Conceição, eu me lembro muito bem…

Publicado por Antonio Carlos Santini 12 de junho de 2023
Conceição RV

Conceição RV

O leitor me perdoe, mas não é a Conceiçããão do Caubi Peixoto. É outra.

A Conceição que não me sai da memória é a cidadezinha banhada pelo Rio Verde, onde passei os quatro anos do curso ginasial. Ali, aonde cheguei de calças curtas, podado das raízes paternas aos dez anos e meio de idade, dividíamos nosso tempo entre as aulas do Ginásio São José, a nossa “roça” de café, milho e feijão, e, óbvio, o campo de futebol.

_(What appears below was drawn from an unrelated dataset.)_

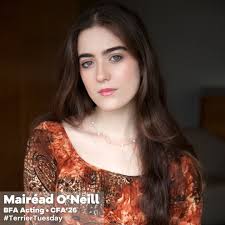It's that time again! Happy #TerrierTuesday 🐶 This week we're highlighting  junior BFA Acting student Mairéad O'Neill! ❤️🐾 Recent or upcoming SOT  projects? ➡️ I'm currently working
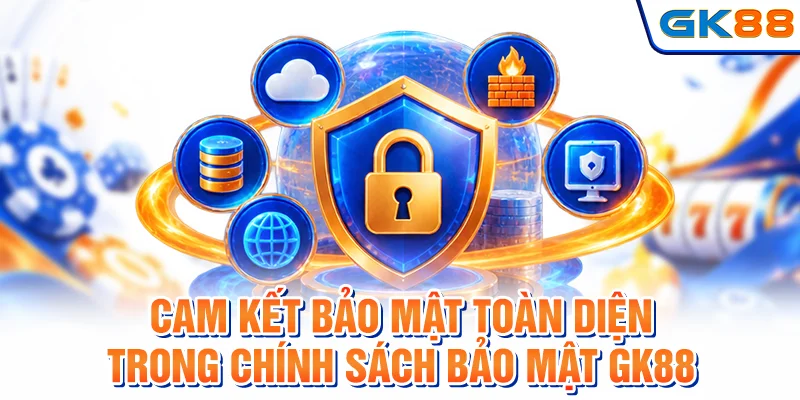 Cam kết bảo mật toàn diện trong chính sách bảo mật GK88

Sim, eu me lembro muito bem de Conceição do Rio Verde. Tínhamos até piscina, um luxo para aqueles tempos! A bem da verdade, nem sempre podíamos usá-la, pois a água não era tratada e com frequência passava a ser habitada por notável população de vermes e outros micro-organismos inconfessáveis.

Foi naquela piscina que arranjei uma cicatriz no couro cabeludo, tentando mergulhar de costas, a partir da mureta do lava-pés. Afinal, se o mestre mandar, faremos todos. Paulo Veronese foi à frente, desafiando os outros. Eu tentei. Acordei nos braços de um colega salva-vidas. As compressas de azeite do Irmão Antônio reduziram um pouco a pelada resultante…

O campo de futebol era de terra batida. Não tinha sequer aquela suave camada de areia fina que premiava o campo dos “maiores”. Joelhos ralados, cotovelos estropiados, banhos de lama no tempo das chuvas, valia tudo em nosso campeonato.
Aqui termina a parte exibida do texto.